# THE TASK
Look in the listing below for the line that has "2024-Toyota-Urban-Cruiser-15-XS_6", then return it and each following line up to and including the one with "Magellan Outdoors 2", exactly and without pictures.

# RECORDS TO PROCESS
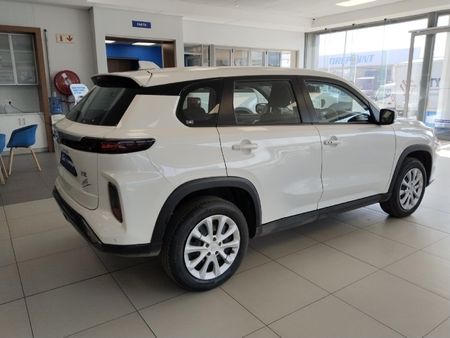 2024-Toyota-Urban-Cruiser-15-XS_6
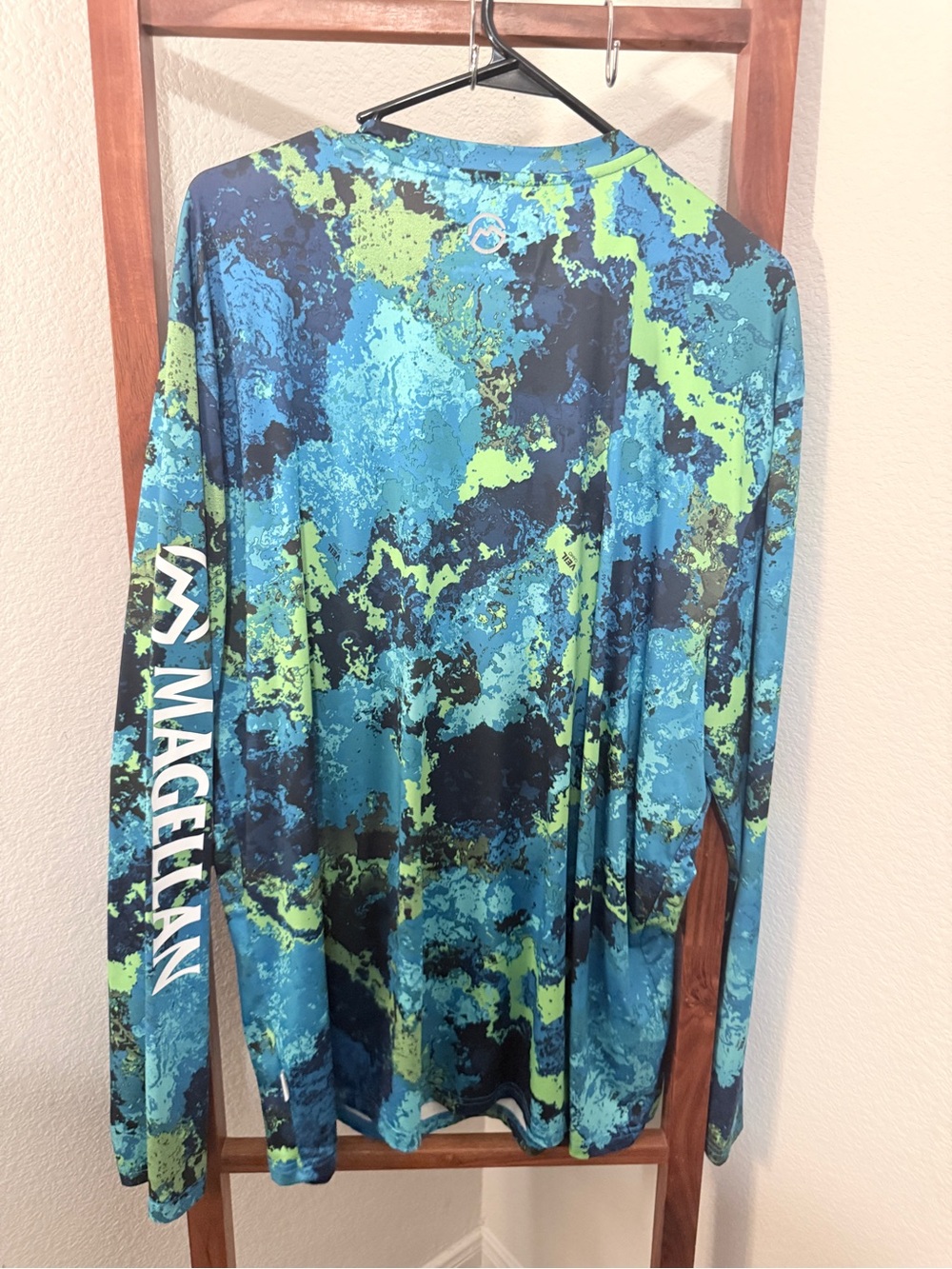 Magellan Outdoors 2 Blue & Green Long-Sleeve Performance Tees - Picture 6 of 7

* * *

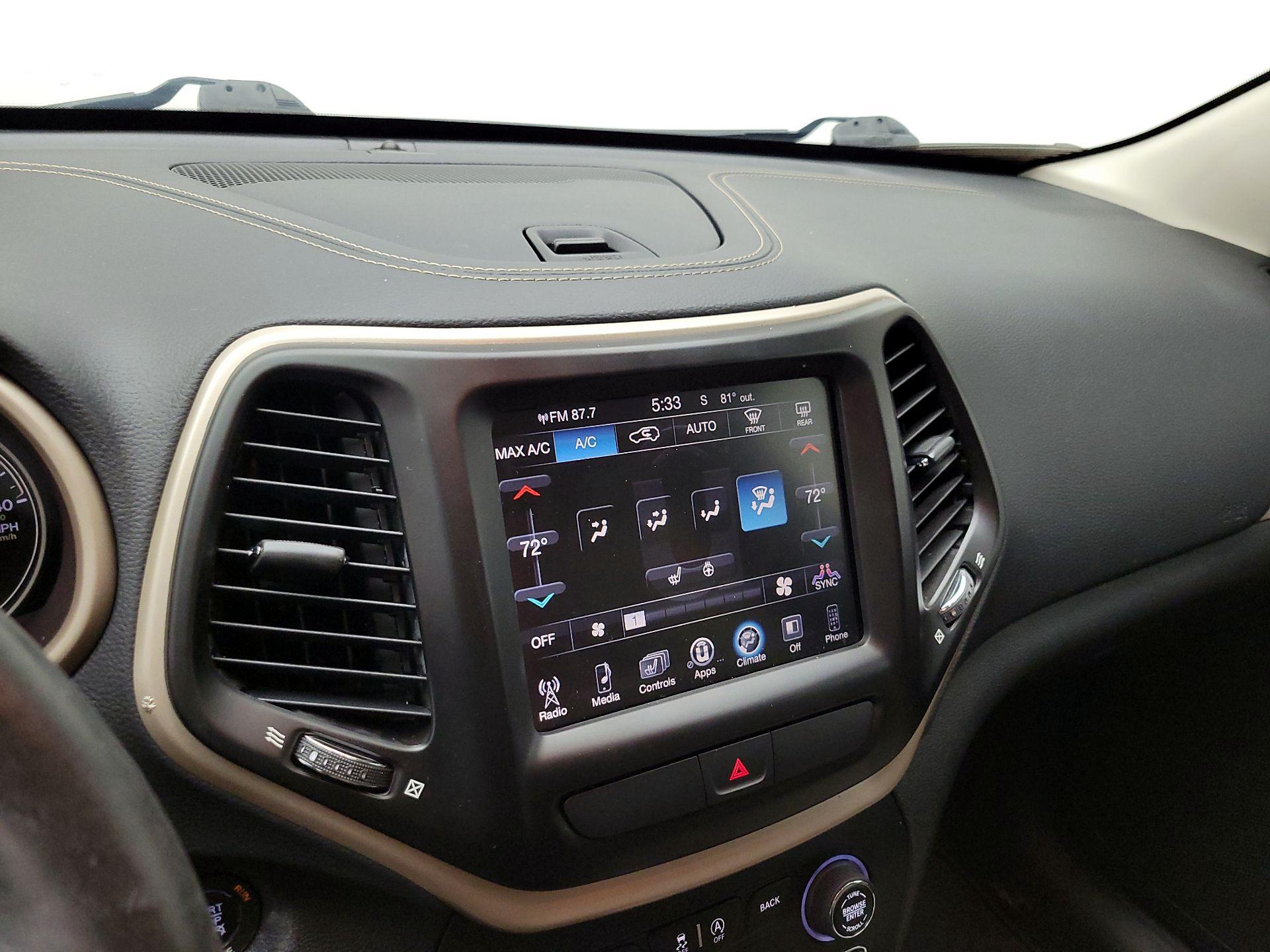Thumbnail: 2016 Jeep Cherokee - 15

# WRITTEN REPLY
 2024-Toyota-Urban-Cruiser-15-XS_6
 Magellan Outdoors 2 Blue & Green Long-Sleeve Performance Tees - Picture 6 of 7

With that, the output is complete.